自社株式が分散していると、株式買取りの問題だけでなく、相続等で株主が変わり、突然物言う株主が出現する恐れもあります。株主総会の招集請求権等の少数株主の権利も、決して軽視すべきではありません。
分散株式は、計画的に株主間あるいは会社が株式を買い取り、名義株があれば整理をしておくことが肝要です。
長男の社長就任後は業績が年々下がり、資金繰りに苦慮
大一郎が社長に就任してからは、父の龍一が危惧していたとおり、印刷業界の市場が年々縮小していきました。
大一郎は父が大きくした会社を、その延長線上で何とか維持したいと考えており、今まで会社を支えてくれた従業員で変革を図るべく指示を出しますが、残念ながら昔の印刷業しか知らないメンバーでは、大きな荒波の中にある会社を変革することはできず、年々業績は下がる一方でした。
昭二郎は、印刷業界の大激動時にあって、このままではみやび印刷も大打撃を受けるだろうと予測しており、新規事業の開拓や新分野への進出は必須と考えていました。
本来であれば、そのために大幅に人材の刷新を図り、時代に対応すべきでしたが、会社を大きくしてくれた既存のメンバーを大切にする大一郎の方針に反対することができませんでした。
大一郎が社長に就任して10年経った頃、とうとうみやび印刷は資金繰りに窮することになりました。
金融機関から経営改善計画を求められ、社長交代へ
しかし、既存路線のままでは会社の業績が上向くことはなく、だらだらと5年が経過しました。その間、昭二郎は、大一郎に会社の財務状態については報告するものの、自身の進言でリストラが実行されることは忍びなく、また、弟から兄へ意見することも憚られ、会社の将来について兄弟間で真剣に議論することはありませんでした。

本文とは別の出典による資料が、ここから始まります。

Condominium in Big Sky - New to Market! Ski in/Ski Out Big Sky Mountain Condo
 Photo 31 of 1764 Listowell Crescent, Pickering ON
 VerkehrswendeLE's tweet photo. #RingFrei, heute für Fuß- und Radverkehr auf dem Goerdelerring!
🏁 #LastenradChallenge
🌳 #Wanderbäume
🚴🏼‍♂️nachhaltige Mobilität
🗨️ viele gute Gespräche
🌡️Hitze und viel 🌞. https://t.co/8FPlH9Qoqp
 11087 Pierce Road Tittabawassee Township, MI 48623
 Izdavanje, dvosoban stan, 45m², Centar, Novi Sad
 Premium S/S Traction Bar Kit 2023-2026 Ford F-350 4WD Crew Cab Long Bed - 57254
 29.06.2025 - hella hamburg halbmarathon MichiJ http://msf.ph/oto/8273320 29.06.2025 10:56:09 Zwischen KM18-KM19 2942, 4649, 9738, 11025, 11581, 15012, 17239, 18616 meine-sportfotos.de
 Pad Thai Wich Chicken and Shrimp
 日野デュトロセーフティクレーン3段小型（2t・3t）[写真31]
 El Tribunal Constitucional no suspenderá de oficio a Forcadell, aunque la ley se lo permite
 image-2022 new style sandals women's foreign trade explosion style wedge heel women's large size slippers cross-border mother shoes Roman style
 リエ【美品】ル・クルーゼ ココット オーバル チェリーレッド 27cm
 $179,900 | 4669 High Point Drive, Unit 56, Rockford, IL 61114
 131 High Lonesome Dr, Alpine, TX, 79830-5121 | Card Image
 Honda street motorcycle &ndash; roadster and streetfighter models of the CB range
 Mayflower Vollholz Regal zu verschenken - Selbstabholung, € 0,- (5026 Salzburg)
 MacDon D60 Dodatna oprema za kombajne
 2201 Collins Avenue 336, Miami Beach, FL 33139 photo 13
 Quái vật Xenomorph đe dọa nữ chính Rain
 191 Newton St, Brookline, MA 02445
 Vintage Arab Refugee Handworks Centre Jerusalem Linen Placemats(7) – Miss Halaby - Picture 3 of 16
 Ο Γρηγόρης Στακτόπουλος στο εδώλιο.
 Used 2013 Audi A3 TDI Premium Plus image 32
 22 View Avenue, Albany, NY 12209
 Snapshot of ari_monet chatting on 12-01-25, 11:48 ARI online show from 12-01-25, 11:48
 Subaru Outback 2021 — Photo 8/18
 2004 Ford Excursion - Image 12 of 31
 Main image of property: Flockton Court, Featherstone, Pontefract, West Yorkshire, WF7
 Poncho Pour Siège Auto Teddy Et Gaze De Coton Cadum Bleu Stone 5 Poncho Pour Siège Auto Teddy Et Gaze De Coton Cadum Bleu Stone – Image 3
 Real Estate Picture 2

5年経過した時に担保資産も底をつき、金融機関からは抜本的な経営改善計画を求められ、ようやく外部専門家とともに抜本的な改革に取り組むことになりました。金融機関からは、経営責任をとって大一郎社長の役員退任、社長交代を要求され、社長には昭二郎が就くことになりました。
新社長の昭二郎はリストラを実施して、財務体質改善へ
大一郎から社長を引き継いだ昭二郎は、今ある経営資源をどのように配分していくかを考え、まずは、毎期赤字の続いていた事業構造を再生させることが急務であると考えました。
将来に事業を継続させることを第1に、余剰人員の徹底的なリストラを断行し、事業構造改革を実行しました。昭二郎は根気強く1人ずつ面談をして、相応の条件を提示していきました。その結果、リストラによる従業員の動揺や混乱を最低限に抑えることができ、組織を再構築しました。
90人近くいた従業員を、20人程度に絞り込む人員整理を断行したことで、今の経営状況が続いても、この先10年は現在の財産で乗り切れる財務体質を作り上げたのですが、衰退していく印刷業に対し、抜本的な打開策を見出せない状態が続きました。